株式を買うと配当金を受取ることができるように、投資信託でもこれと同様なシステムとして「分配金(収益分配金)」を受取ることができます。一定の期間(期)ごとにその運用成果に応じた形で出される分配金は、決算の時に金額が決められて払出されます。つまり、決算の時が分配の機会になるのですが、その回数は、投資信託ごとに決められています。決算時期のバリエーションとしては、5つのパターンがあり、年に1回、2回(半年に1回)、4回(3ヵ月に1回)、6回(隔月)、12回(毎月)です。

このうち、分配の機会のもっとも多い年12回(毎月1回ずつ)分配金を受取ることができるファンドを「毎月分配型」または「毎月決算型」といいます。毎月分配型の投資信託は、毎月ほぼ一定の金額を安定的に分配することを方針とするファンドが非常に多いことが特徴的です。そのため、毎月分配型は、退職して年金生活を送るシニア層から毎月の収入源として注目され始めましたが、現在では、高齢者に限らず幅広い年齢層で人気を集めています。

毎月分配型が、一定の金額を安定的に出すことができる理由

投資信託の分配金は運用成果に応じて出すのが原則ですので、株式や債券など価格変動のある証券を組入れておきながら、毎月一定の金額が継続して出るというのは不思議なことです。一般企業では、業績が赤字であれば配当を出すことができず、もし赤字なのに配当すれば違法となります。企業会計に詳しい人は、投資信託の値段が下がっても分配金が出るのを見て、「タコ足配当(違法配当)ではないか?」と疑問を持ちます。

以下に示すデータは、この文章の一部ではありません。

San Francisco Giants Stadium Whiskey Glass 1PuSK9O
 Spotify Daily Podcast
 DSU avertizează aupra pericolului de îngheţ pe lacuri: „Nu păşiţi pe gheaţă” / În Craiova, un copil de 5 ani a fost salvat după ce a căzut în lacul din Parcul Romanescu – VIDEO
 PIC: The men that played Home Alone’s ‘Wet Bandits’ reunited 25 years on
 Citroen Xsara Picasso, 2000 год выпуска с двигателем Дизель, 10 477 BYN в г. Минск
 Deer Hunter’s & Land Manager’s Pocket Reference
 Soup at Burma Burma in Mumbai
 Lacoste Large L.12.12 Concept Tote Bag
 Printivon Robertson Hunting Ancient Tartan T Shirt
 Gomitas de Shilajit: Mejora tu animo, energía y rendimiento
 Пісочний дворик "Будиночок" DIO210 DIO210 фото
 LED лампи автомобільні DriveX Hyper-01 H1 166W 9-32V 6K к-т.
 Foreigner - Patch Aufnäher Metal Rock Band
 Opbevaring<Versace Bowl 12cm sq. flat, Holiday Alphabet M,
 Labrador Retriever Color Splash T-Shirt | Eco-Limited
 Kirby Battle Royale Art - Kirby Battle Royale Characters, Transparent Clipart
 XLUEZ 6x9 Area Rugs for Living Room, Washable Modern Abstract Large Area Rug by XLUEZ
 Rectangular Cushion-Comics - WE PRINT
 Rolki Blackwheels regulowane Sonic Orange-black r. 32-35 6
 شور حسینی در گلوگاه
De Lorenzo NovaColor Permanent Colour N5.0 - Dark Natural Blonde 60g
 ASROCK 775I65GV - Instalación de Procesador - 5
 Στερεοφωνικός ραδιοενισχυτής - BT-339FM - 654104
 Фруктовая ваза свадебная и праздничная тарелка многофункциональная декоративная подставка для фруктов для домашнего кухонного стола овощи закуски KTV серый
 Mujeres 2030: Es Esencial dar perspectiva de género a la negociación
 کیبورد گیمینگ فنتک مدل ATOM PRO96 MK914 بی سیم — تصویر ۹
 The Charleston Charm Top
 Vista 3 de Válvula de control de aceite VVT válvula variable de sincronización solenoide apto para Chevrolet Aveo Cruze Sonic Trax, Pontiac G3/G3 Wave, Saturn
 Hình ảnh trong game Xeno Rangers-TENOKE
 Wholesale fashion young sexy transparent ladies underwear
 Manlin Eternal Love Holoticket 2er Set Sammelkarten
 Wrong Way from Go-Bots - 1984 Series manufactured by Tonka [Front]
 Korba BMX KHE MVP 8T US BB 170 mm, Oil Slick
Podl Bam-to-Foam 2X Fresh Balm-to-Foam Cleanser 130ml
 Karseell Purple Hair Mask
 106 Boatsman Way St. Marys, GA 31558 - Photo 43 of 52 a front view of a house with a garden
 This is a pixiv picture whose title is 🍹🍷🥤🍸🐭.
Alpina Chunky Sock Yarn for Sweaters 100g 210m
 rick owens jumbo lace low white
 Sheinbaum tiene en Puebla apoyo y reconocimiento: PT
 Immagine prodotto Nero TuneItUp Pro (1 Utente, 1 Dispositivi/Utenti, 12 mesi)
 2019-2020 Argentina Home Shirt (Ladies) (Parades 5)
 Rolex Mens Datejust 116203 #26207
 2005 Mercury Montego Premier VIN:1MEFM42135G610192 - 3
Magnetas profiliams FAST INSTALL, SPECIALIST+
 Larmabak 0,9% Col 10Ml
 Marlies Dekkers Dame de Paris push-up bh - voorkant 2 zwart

実は、投資信託には、企業の経理とは異なる特殊な会計ルールがあります。ファンドの財産のうち、分配してよい部分を分配可能原資(分配原資)といいます。分配原資としては、まずは、キャピタルゲイン(前期決算日から当期決算日までに値上がりした分)とインカムゲイン(組入れている債券の利子や株式の配当)があります。次に、前期までの分配原資のうち、分配金として払出さずに留保しておいた分も今期の分配として払出すことができます。このことから、仮に投資信託の基準価額が、前期決算日より下がっていたとしても(一般企業では赤字状態)、インカムゲインがあれば分配できますし、前期までに出さずにファンドに置いておいたストック分があれば、そこからも分配することができるのです。この計理ルールを利用すると、毎月の分配金額をコントロールすることが可能となります。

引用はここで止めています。